Intermediate

Image Processing Pipeline

Build a production-ready image processing pipeline from scratch. Learn preprocessing techniques (resize, normalize, augment), run GPU-batched inference with YOLO, ResNet, and CLIP, implement post-processing with Non-Maximum Suppression and confidence filtering, and write the complete OpenCV + PyTorch pipeline code.

Stage 1: Image Preprocessing

Preprocessing transforms raw camera or upload images into the exact tensor format your model expects.
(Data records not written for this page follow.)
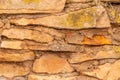 Abstract background texture of Old wall stone of a water Russian destroyed mill Royalty Free Stock Photo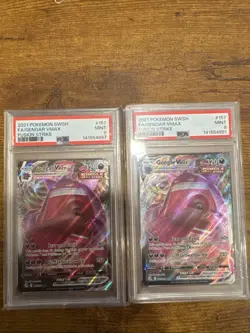 Pokemon 2021 Fusion Strike Gengar VMAX Ultra Rare Card 157/264 PSA 9 - Image 1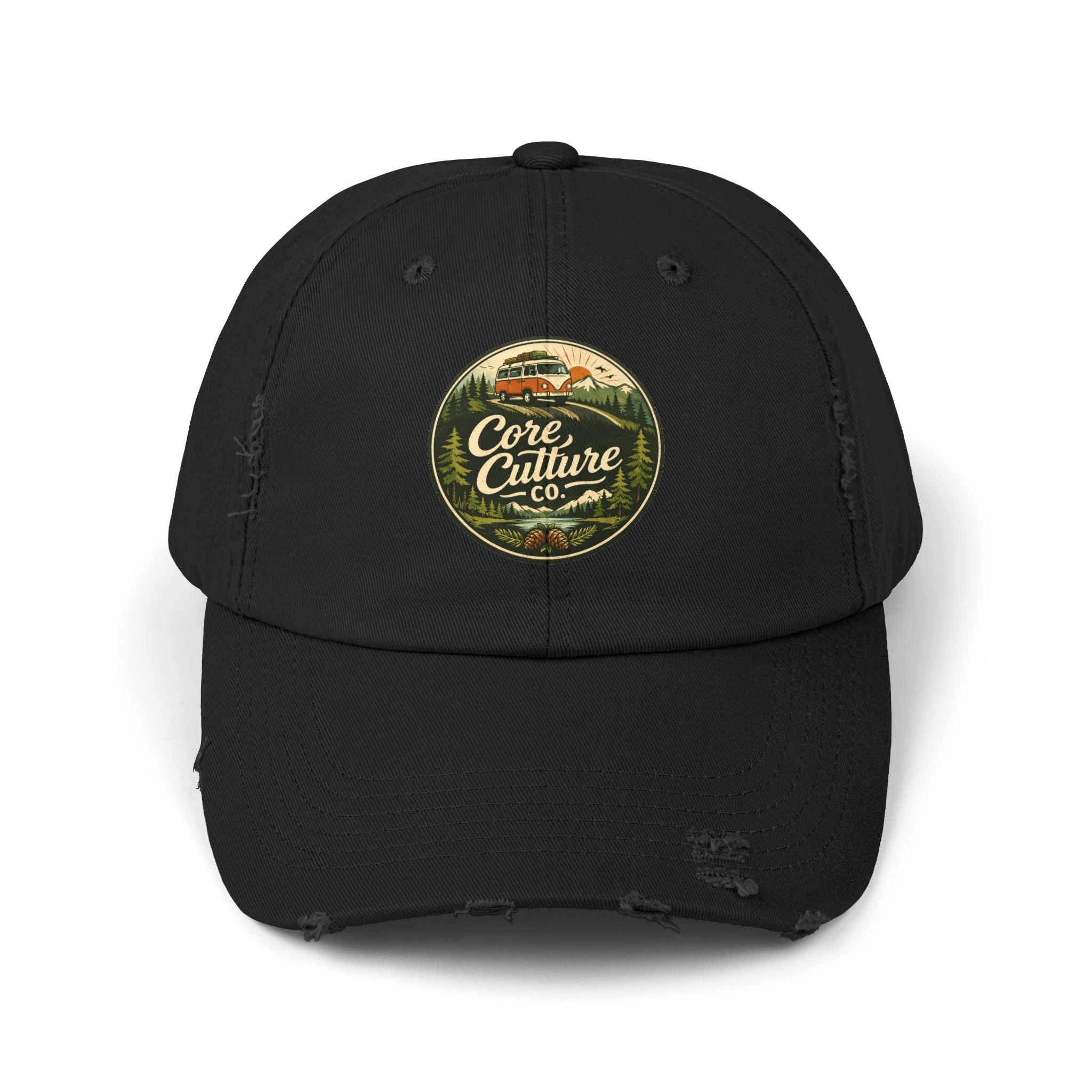 "Roadtripping" Core Culture Distressed Cap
Getting this wrong is the most common source of production CV bugs — a mismatch between training preprocessing and serving preprocessing silently degrades accuracy.

import cv2
import numpy as np
import torch
from dataclasses import dataclass
from typing import Tuple

@dataclass
class PreprocessConfig:
    target_size: Tuple[int, int] = (640, 640)    # Model input size (W, H)
    normalize_mean: Tuple[float, ...] = (0.485, 0.456, 0.406)  # ImageNet
    normalize_std: Tuple[float, ...] = (0.229, 0.224, 0.225)   # ImageNet
    letterbox: bool = True      # Preserve aspect ratio with padding
    pad_color: int = 114        # Gray padding for letterbox

class ImagePreprocessor:
    """Production image preprocessor with letterboxing and normalization"""
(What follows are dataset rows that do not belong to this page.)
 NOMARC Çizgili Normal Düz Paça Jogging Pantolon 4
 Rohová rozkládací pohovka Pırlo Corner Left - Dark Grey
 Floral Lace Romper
    def __init__(self, config: PreprocessConfig):
        self.config = config

    def preprocess(self, image: np.ndarray) -> Tuple[torch.Tensor, dict]:
        """
        Preprocess a single image for model inference.
        Returns (tensor, metadata) where metadata contains info needed
        to map predictions back to original image coordinates.
        """
        original_h, original_w = image.shape[:2]
        target_w, target_h = self.config.target_size

        # Step 1: BGR to RGB (OpenCV loads BGR, models expect RGB)
        image_rgb = cv2.cvtColor(image, cv2.COLOR_BGR2RGB)
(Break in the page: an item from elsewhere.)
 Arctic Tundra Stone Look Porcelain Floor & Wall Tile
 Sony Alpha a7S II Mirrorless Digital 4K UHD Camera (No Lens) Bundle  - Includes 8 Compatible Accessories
        # Step 2: Resize with letterboxing (preserve aspect ratio)
        if self.config.letterbox:
            image_resized, scale, pad = self._letterbox(
                image_rgb, target_w, target_h
            )
        else:
            image_resized = cv2.resize(image_rgb, (target_w, target_h))
            scale = (target_w / original_w, target_h / original_h)
            pad = (0, 0)

        # Step 3: Normalize to [0, 1] then apply ImageNet normalization
        image_float = image_resized.astype(np.float32) / 255.0
        mean = np.array(self.config.normalize_mean, dtype=np.float32)
        std = np.array(self.config.normalize_std, dtype=np.float32)
        image_normalized = (image_float - mean) / std

        # Step 4: HWC to CHW (OpenCV is HWC, PyTorch expects CHW)
        image_chw = np.transpose(image_normalized, (2, 0, 1))

        # Step 5: Convert to tensor
        tensor = torch.from_numpy(image_chw).float()

        metadata = {
            "original_size": (original_w, original_h),
            "scale": scale,
            "pad": pad,
        }
        return tensor, metadata

    def preprocess_batch(self, images: list[np.ndarray]) -> Tuple[torch.Tensor, list]:
        """Preprocess a batch of images into a single tensor"""
        tensors, metadatas = [], []
        for img in images:
            tensor, meta = self.preprocess(img)
            tensors.append(tensor)
            metadatas.append(meta)

        # Stack into batch tensor: (B, C, H, W)
        batch_tensor = torch.stack(tensors)
        return batch_tensor, metadatas

    def _letterbox(self, image, target_w, target_h):
        """Resize preserving aspect ratio with gray padding"""
        h, w = image.shape[:2]
        scale = min(target_w / w, target_h / h)
        new_w, new_h = int(w * scale), int(h * scale)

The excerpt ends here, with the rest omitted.